(Data shown)

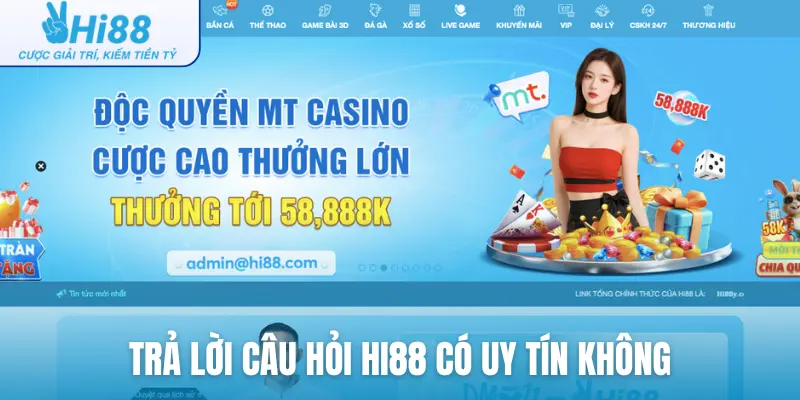 Trả lời câu hỏi người chơi Hi88 có uy tín không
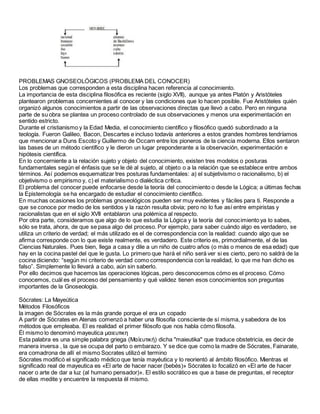 PROBLEMAS GNOSEOLÓGICOS (PROBLEMA DEL CONOCER)
Los problemas que corresponden a esta disciplina hacen referencia al conocimiento.
La importancia de esta disciplina filosófica es reciente (siglo XVII), aunque ya antes Platón y Aristóteles
plantearon problemas concernientes al conocer y las condiciones que lo hacen posible. Fue Aristóteles quién
organizó algunos conocimientos a partir de las observaciones directas que llevó a cabo. Pero en ninguna
parte de su obra se plantea un proceso controlado de sus observaciones y menos una experimentación en
sentido estricto.
Durante el cristianismo y la Edad Media, el conocimiento científico y filosófico quedó subordinado a la
teología. Fueron Galileo, Bacon, Descartes e incluso todavía anteriores a estos grandes hombres tendríamos
que mencionar a Duns Escoto y Guillermo de Occam entre los pioneros de la ciencia moderna. Ellos sentaron
las bases de un método científico y le dieron un lugar preponderante a la observación, experimentación e
hipótesis científica.
En lo concerniente a la relación sujeto y objeto del conocimiento, existen tres modelos o posturas
fundamentales según el énfasis que se le dé al sujeto, al objeto o a la relación que se establece entre ambos
términos. Así podemos esquematizar tres posturas fundamentales: a) el subjetivismo o racionalismo, b) el
objetivismo o empirismo y, c) el materialismo o dialéctica crítica.
El problema del conocer puede enfocarse desde la teoría del conocimiento o desde la Lógica; a últimas fechas
la Epistemología se ha encargado de estudiar el conocimiento científico.
En muchas ocasiones los problemas gnoseológicos pueden ser muy evidentes y fáciles para ti. Responde a
que se conoce por medio de los sentidos y la razón resulta obvia; pero no lo fue así entre empiristas y
racionalistas que en el siglo XVII entablaron una polémica al respecto.
Por otra parte, consideramos que algo de lo que estudia la Lógica y la teoría del conocimiento ya lo sabes,
sólo se trata, ahora, de que se pasa algo del proceso. Por ejemplo, para saber cuándo algo es verdadero, se
utiliza un criterio de verdad; el más utilizado es el de correspondencia con la realidad: cuando algo que se
afirma corresponde con lo que existe realmente, es verdadero. Este criterio es, primordialmente, el de las
Ciencias Naturales. Pues bien, llega a casa y dile a un niño de cuatro años (o más o menos de esa edad) que
hay en la cocina pastel del que le gusta. Lo primero que hará el niño será ver si es cierto, pero no saldrá de la
cocina diciendo: “según mi criterio de verdad como correspondencia con la realidad, lo que me han dicho es
falso”. Simplemente lo llevará a cabo, aún sin saberlo.
Por ello decimos que hacemos las operaciones lógicas, pero desconocemos cómo es el proceso. Cómo
conocemos, cuál es el proceso del pensamiento y qué validez tienen esos conocimientos son preguntas
importantes de la Gnoseología.
Sócrates: La Mayeútica
Métodos Filosóficos
la imagen de Sócrates es la más grande porque el era un copado
A partir de Sócrates en Atenas comenzó a haber una filosofía consciente de sí misma, y sabedora de los
métodos que empleaba. El es realidad el primer filósofo que nos habla cómo filosofa.
Él mismo lo denominó mayeutica μαιευτικη
Esta palabra es una simple palabra griega (Μαἰευτική) dicha "maieutika" que traduce obstetricia, es decir de
manera inversa , la que se ocupa del parto o embarazo. Y se dice que como la madre de Sócrates, Fainarate,
era comadrona de allí el mismo Socrates utilizó el termino
Sócrates modificó el significado médico que tenía mayéutica y lo reorientó al ámbito filosófico. Mientras el
significado real de mayeutica es «El arte de hacer nacer (bebés)» Sócrates lo focalizó en «El arte de hacer
nacer o arte de dar a luz (al humano pensador)». El estilo socrático es que a base de preguntas, el receptor
de ellas medite y encuentre la respuesta él mismo.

(End Data shown)

What this task involves:
From the listing, count how many lines contain the string "correspondencia", and answer with the number by itself.

Solution for this task:
2